I bought hundreds of blue narcissus bulbs once

and planted them in a design of a ribbon

in the ground
which was found
in the middle of the ruins
where the Lord of the Manor
remained
after the rest of us
had left

https://www.goodfon.com/flowers/wallpaper-vesna-2018-meduzanol-c-kustik-sinie-nartsiss.html

I never knew if they grew.
This memory did not unearth itself from my brain
until the typing of the words tonight
that I finished planting the bulbs

I had said today
I want to put something else in the ground
I feel like there should be daffodils
yellow
bright

Something other than only the blue , grape hyacinth which I had bought and filled my front garden plot with.

It felt funny to have only that one flower. Yet I had bought a bag full of these bulbs, 60 of them
and my plot next to my walk is small.

I am on a limited budget and thought
"I don't want to spend any more money"

and then thought
Maybe it will be really beautiful,
the concentration of the blue flowers coming up en mass!

I also thought, maybe some of the existing bulbs still in the ground will also have daffodils emerge from them again this year, with dainty pink soft edges on the blushing pale whitish petals
which I planted a couple years ago.

Part of me now thinks
How wonderful , that even if the daffodils don't emerge
The swath of blue flowers

will be joyful
and celebratory

and not in a shape of a ribbon reminding of violence.

But simply there because I thought them pretty and was excited thinking
"I love hyacinths
They are one of my favorite early spring flowers so I want alot of them this year!"

It was a distant memory
so distant I almost wondered if it could have been a dream
But no..
then I remembered the walking through the threshold of the stone doorway
through the corridor to the courtyard, surrounded by the stone walls and windowless framed out arches where the light came in.

I even moved an apple tree into that space.

I built a secret garden out of what looked like ruins.
An unfinished space.

I never did ask my kids if any of the flowers bloomed. I remember planting hundreds of bulbs there.

It was this defiance that I was determined to create something of beauty in that space

I did not want the last actions to be of ugliness in my memory of time there.

The child who went off to college is the one I remember helped me with the planting on one occasion. Simply as she was the one who was awake.
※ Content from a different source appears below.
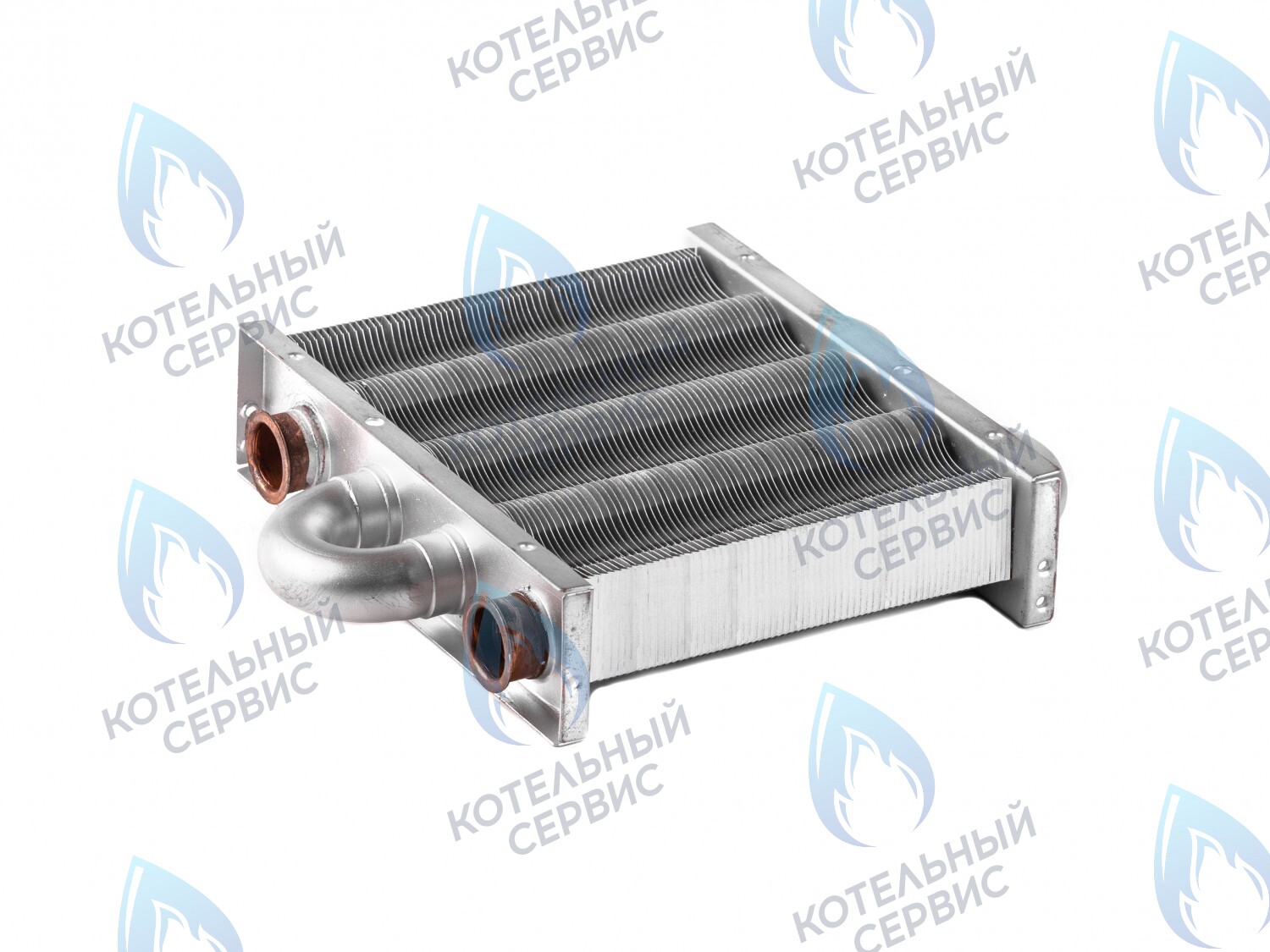 EM021-142 Теплообменник отопления без фитингов (142 мм) 67 FIN (100 HSG/ICH/MSC) DAEWOO в Москве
I suppose this memory is one that reminds me that she did not always stay asleep after the others had entered dreamland.
She was the one who work in early morning and started to bake a cake, climbing on the kitchen counter from a chair and pulling out the flour and sugar.

At age 3.

She was precocious and excited about life and smart and exploratory.
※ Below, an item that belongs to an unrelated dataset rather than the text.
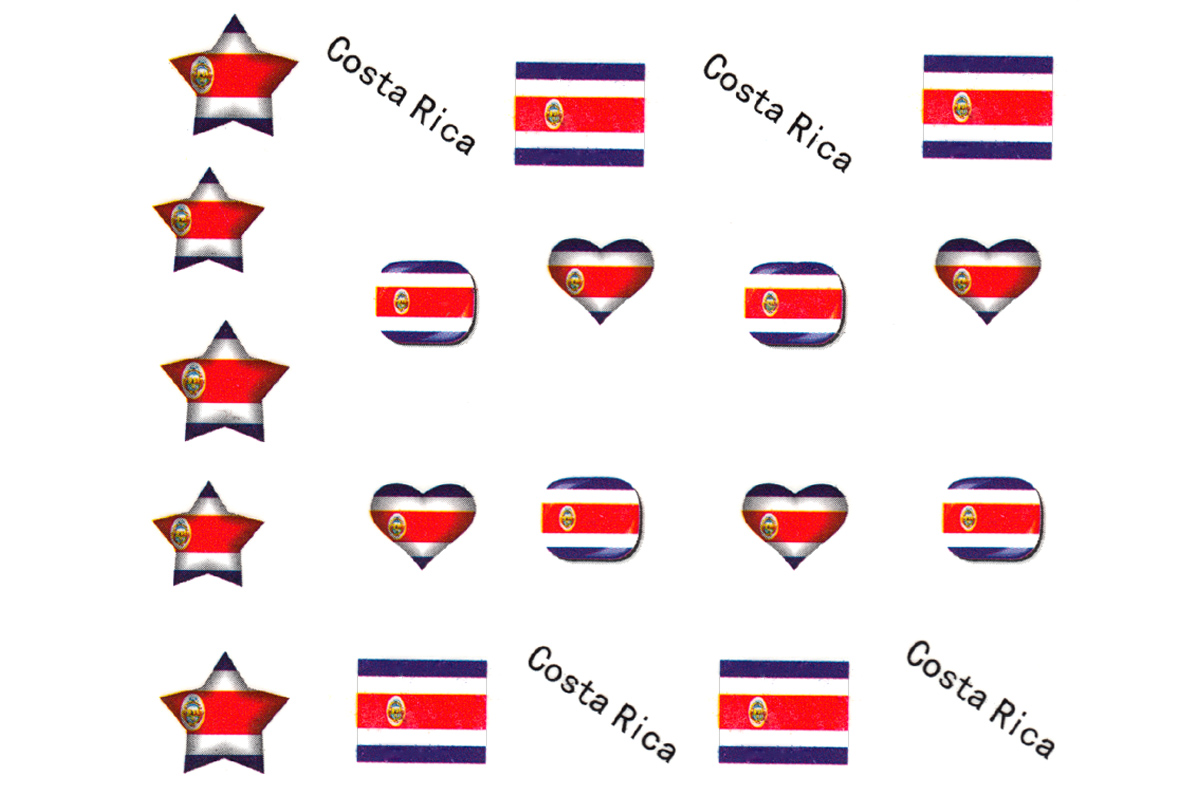 Jolifin Länder Tattoo - Costa Rica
And she was my helper who found it fun to have built our own secret garden.

This late Fall, I put in the grape hyacinth and also a half dozen large Giant Hyacinth surrounding the crab apple tree that sits , crooked, propped up by two stakes I fought with, pounding into the ground and twine that I yanked and pulled and tried to best tighten to support the tree, propped up by gravel in the front to try to weigh it down and prevent further toppling after it had been uprighted again.
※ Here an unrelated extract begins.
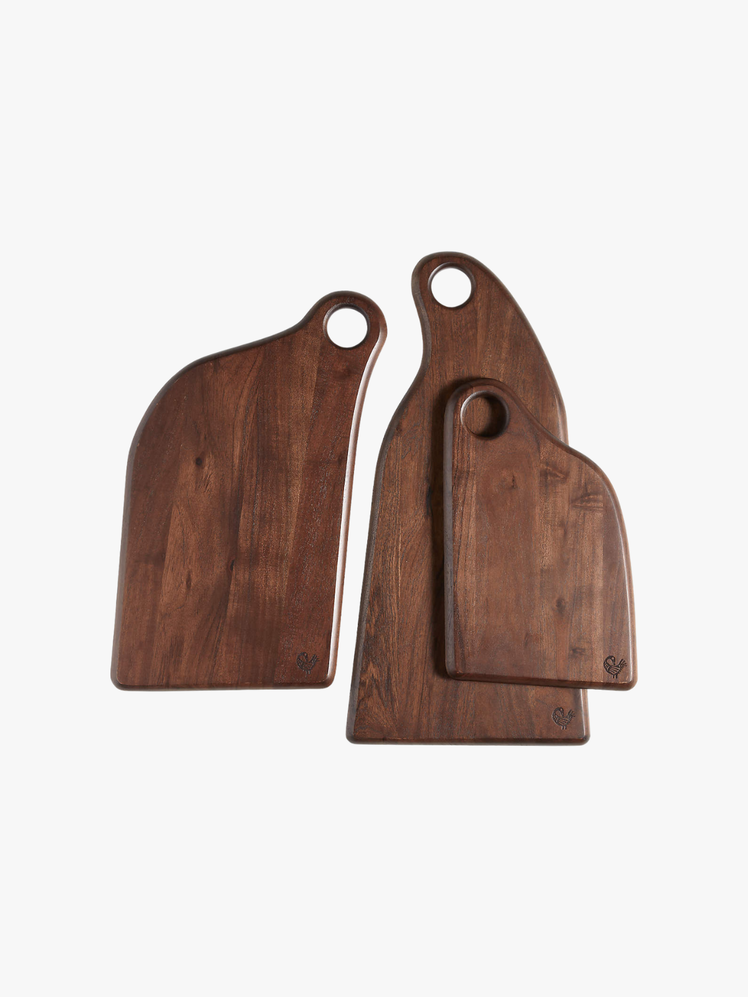 Twa Dark Acacia Wood Stackable Cutting Boards by Eric Adjepong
Two years ago a wind storm snapped one of the main roots of this little flowering crabapple tree.
I have been so insistent on its care and rehabilitation, reluctant to let it go.
It was late November,
I think I remember the date-
November 18th
when the tree snapped in the wind of a stormy night.
Perhaps it was the 17th, but it was the 18th, the next day, and a particularly cold one, when I was inordinately and seemingly irrationally completely obsessed and driven to save this tree and dug for hours to first unearth it completely freeing its roots, to assess damage, then while it sat there digging the ground under it for hours until I had a hole receding deep enough to LOWER the once poorly planted tree , properly!
The root ball had been ABOVE ground- far above where optimal for health and longevity! It was no wonder the tree snapped, as it was not planted deep enough.

I recall having worked my hands raw that night, wearing layers of gloves, and changing them as recall it was unseasonably cold. So cold in November that it felt like snow, or ice could be forthcoming any moment.

The tree was saved! I did it- with this almost otherworldly strength in the moment of absolute obsession.
I was exhausted, but happy when it was clear the tree had survived over the following days, then weeks.
I took a photo of the tree the night I proudly saved it ugly fat yellow plastic twine wrapped around its trunk pulling its weight to be supported by two very large and rather wide wood stakes. They were the ugliest things, but I found them beautiful in the moment of their utility, and support of the crab apple tree which each Spring burst with its pink flowers.
I took another after I decorated its then thin looking frail branches with Christmas lights, all small blue.
I ordered two metal decorative , tall , painted Nutcracker like soldiers, which had stakes to put in the ground, you can envision them I am sure, who stood guard at our front yard by the tree and covered the view of the ugly wood posts, with their festive holiday presence.
Once during the following year, a wind storm again took the tree down! I went to the hardware store and bought better stakes, removed the ugly wood ones and put in harder plastic ones, which I hammered into the ground.
Again a year later, I proudly took a photo of my lit Christmas tree, the nutcracker soldiers again adorning it along with lights that this year were green, and either solid or twinkled, fast or slow depending on the chosen desired effect as chosen by a remote control from inside looking out at their spectacular, glorious celebration. I accidentally had ordered two sets of lights the year before and realized I really did not have room for more than one. Fortunately, even though the electric plug somehow got broken and snapped off the blue light string used the first year, I had the second set ready to go the second year!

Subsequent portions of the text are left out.